··· Raw data
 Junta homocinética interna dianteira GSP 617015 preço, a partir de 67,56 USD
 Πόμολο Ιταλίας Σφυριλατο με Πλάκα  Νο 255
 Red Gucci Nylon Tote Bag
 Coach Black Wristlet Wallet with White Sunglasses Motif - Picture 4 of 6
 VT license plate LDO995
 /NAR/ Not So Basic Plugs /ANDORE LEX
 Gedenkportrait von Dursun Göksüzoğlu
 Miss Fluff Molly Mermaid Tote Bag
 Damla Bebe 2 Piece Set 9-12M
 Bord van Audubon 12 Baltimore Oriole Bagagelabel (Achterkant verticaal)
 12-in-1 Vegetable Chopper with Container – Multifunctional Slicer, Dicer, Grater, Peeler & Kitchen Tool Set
······
Task: An exact repetition of the data above is all that is needed.

Solution to this exercise:
 Junta homocinética interna dianteira GSP 617015 preço, a partir de 67,56 USD
 Πόμολο Ιταλίας Σφυριλατο με Πλάκα  Νο 255
 Red Gucci Nylon Tote Bag
 Coach Black Wristlet Wallet with White Sunglasses Motif - Picture 4 of 6
 VT license plate LDO995
 /NAR/ Not So Basic Plugs /ANDORE LEX
 Gedenkportrait von Dursun Göksüzoğlu
 Miss Fluff Molly Mermaid Tote Bag
 Damla Bebe 2 Piece Set 9-12M
 Bord van Audubon 12 Baltimore Oriole Bagagelabel (Achterkant verticaal)
 12-in-1 Vegetable Chopper with Container – Multifunctional Slicer, Dicer, Grater, Peeler & Kitchen Tool Set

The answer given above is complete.